Rock The Bells Music Festival -San Bernardino, CA - Day 1

Kid Cudi Presents Satellite Flight is Kid Cudi’s fifth album since 2009 (Man on the Moon: The End of Day, Man on the Moon II: The Legend of Mister Rager, WZRD, and Indicud. It does not include his contribution to the Need for Speed soundtrack). You may remember Kid Cudi as the guy who threw his soul onto the train tracks with songs like “Soundtrack 2 My Life” and “The Prayer,” sang/moaned his way through heartbreaking melodies on “Cudi Zone” and “All Along,” and wrote what may have been the best song of 2009 (#highschoolthrowback), “Man on the Moon.” Unfortunately, dear readers, that Cudi is dead. Long dead. The following is a blow-by-blow of my impressions of the songs on the album, with some comments from my step-grandmother, who admits that she is a Kid Cudi neophyte. (My grandfather tried to write a review as well, but told me that Kid Cudi is so far behind Sinatra and Louis Armstrong that he didn’t even know where to begin.)

Destination: Mother Moon

Me: This sounds like a cross between a Madonna intro, “Eye of the Tiger,” and the Transformers theme music. It makes me want to walk slowly and determinedly toward an unoccupied and temporarily moored ship, commandeer it, and sail it into the Bermuda Triangle.
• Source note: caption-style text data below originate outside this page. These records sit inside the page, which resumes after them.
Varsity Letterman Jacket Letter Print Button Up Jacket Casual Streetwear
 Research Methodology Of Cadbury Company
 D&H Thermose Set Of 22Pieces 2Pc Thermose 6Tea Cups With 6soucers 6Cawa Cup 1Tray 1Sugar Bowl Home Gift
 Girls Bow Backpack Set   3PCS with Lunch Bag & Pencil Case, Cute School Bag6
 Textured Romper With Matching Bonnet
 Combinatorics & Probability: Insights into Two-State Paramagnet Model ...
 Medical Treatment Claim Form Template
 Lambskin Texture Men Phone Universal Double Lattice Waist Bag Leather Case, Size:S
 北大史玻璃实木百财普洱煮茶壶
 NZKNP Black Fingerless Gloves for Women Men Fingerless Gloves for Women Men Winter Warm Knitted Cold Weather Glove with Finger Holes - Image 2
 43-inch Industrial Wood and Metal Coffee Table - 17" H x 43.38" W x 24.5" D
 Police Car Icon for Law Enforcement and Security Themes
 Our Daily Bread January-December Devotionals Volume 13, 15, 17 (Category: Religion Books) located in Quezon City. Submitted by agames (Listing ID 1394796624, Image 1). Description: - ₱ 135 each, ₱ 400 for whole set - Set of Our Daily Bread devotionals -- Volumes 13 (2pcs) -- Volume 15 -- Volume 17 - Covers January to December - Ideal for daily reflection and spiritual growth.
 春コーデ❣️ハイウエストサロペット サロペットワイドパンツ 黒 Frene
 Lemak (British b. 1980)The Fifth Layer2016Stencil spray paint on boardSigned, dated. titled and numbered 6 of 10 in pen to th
My Grandmother: Individually and as a group, I especially enjoyed the four instrumentals which range from the eerie and otherworldly and, through the repetitive beat, to the tribal, the sexual and the primitive most effectively.

Going to the Ceremony

Me: Begins with a riff that hearkens back to WZRD’s “High Off Life,” “Live & Learn,” “Efflictim,” and pretty much every bad song i.e. every song on WZRD. It sounds like a teenager who just bought his first electric guitar and hasn’t realized you can strum up as well as down. We get some classic Cudi despair/drama, but the lyrics are simpler than high-end tracks like “The Prayer” and “Highs ‘n Lows.” Lines such as “Hate what I see, hate what I see / I’m over it, I need me some change / Something to feel good” are heavy on the telling end of the showing-telling spectrum. In fact the only metaphors or similes I can find in the entire song are the phrases “free as a bird” and “you are a zombie.” I’m pretty sure he didn’t come up with the first one, and I don’t think the second one really counts. The outro music is actually engaging—it sounds like the kind of music you wish were playing in the astronomy section of the Natural History museum when they show the video about how the solar system was created.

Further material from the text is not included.